What you can do to prevent unjust sentencing
Though Dorothy’s case is a victory for advocates struggling to change drug-sentencing laws, there is still much work to be done. An estimated 24,000 federal prisoners have legal profiles similar to that of Dorothy, said Eric E. Sterling, one of the lawyers who petitioned for her freedom. “They simply are not organized to fight for their own release,” explains Sterling, who is president of the Criminal Justice Policy Foundation in Washington, D.C, a non-profit organization that agitates for those sentenced under those mondatory rules and lobbies to reform the criminal justice system.

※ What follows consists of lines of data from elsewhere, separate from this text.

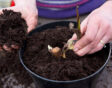 Canna planten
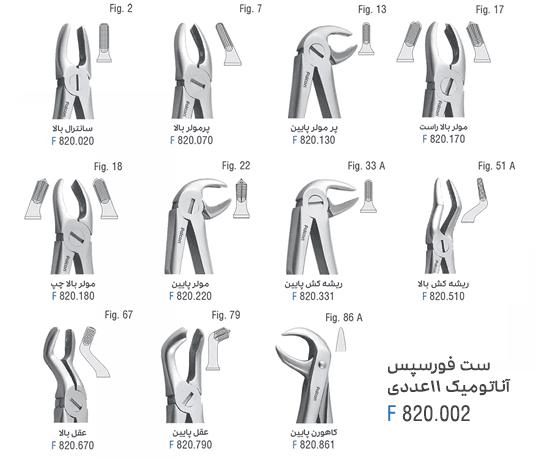 ست فورسپس آناتومیک 11عددی – فالکن — تصویر ۲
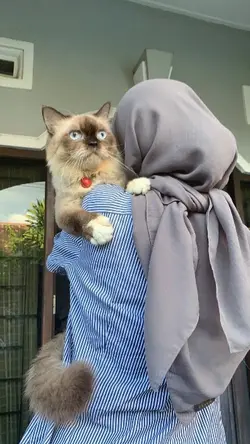 aesthetic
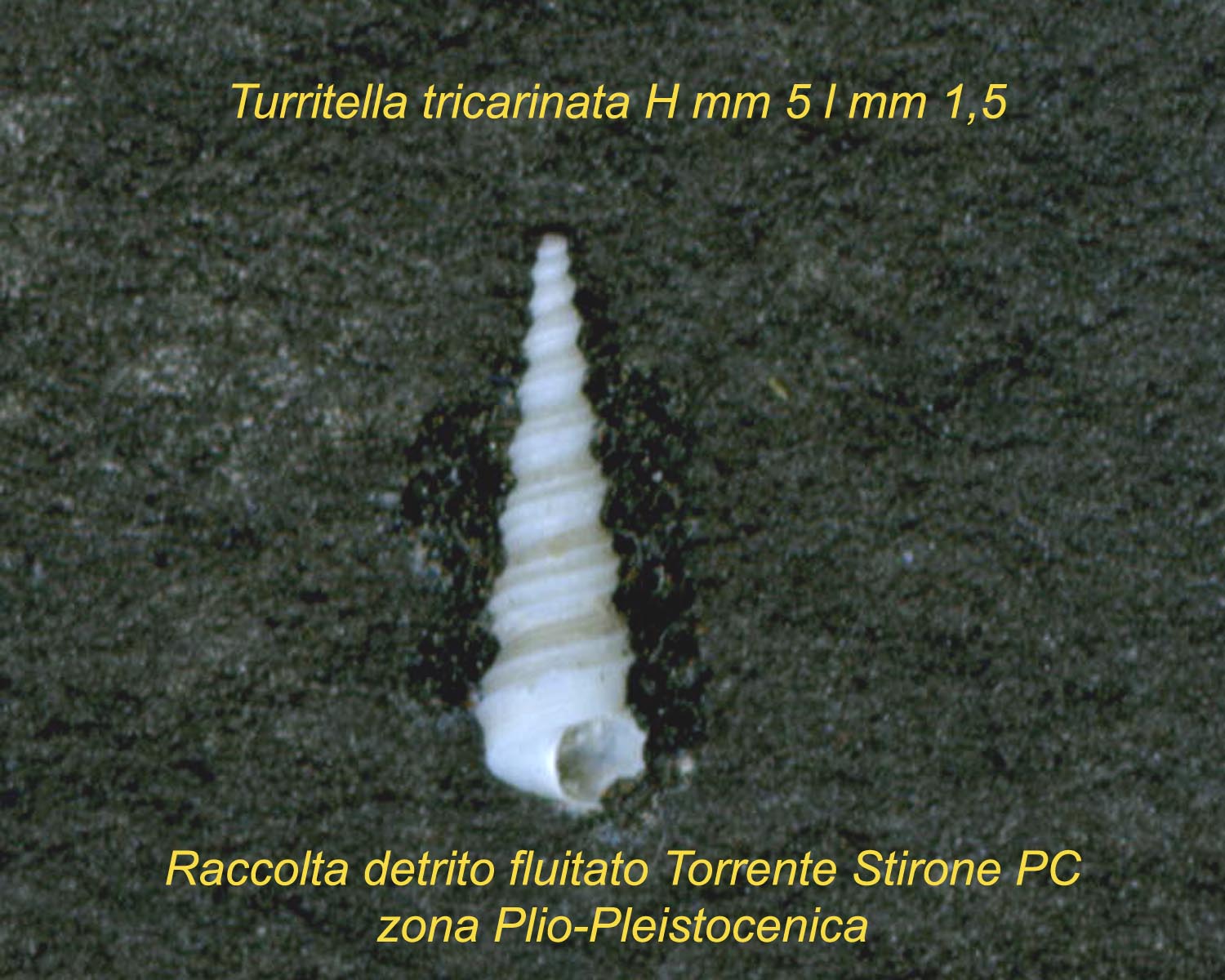 Turritella tricarinata?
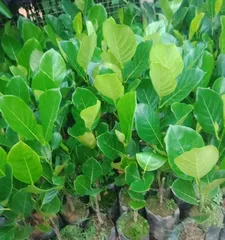 为什么菠萝蜜在冬天掉叶子?(菠萝蜜冬季养护和防护措施)1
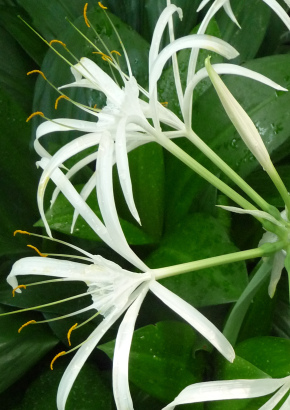 BZ -Asiatische Hakenlilie / Spider Lily - 1743 - 1521 - 1 - 2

Dorothy’s release came as legislators from New York to California reconsider drugs laws that, during a frenzied national war on drugs, have automatically sentenced even non-violent, first-time convicts to jail. But you don’t have to be a politician to join the charge against mandatory sentencing. Steps to take:
* For starters, register to vote and help choose your elected officials, who participate in crucial votes regarding criminal justice policy. To get voter information and a registration form for your state, visit www.dnet.org.
* Contact your state legislators, members of the U.S. House of Representatives and Senate to lobby for revamped drug laws and fairer sentences. Go to www.house.gov and www.senate.gov to find your legislators’ Web sites. Check out the archived article below, “Imprisoned Women,” for a sample letter to send.
* Check out the Criminal Justice Policy Foundation’s Web site for information and updates regarding criminal justice issues, www.cjpf.org.
* Additional organizations to contact and support include: Families Against Mandatory Minimums, (202) 822-6800, www.famm.org; Lindesmith-Drug Policy Foundation, (202) 537-5005, www.drugpolicy.org; and November Coalition, (509) 684-1550, www.november.org.
Be careful in choosing your associates and those of your children. Like Dorothy, you can be found guilty by association.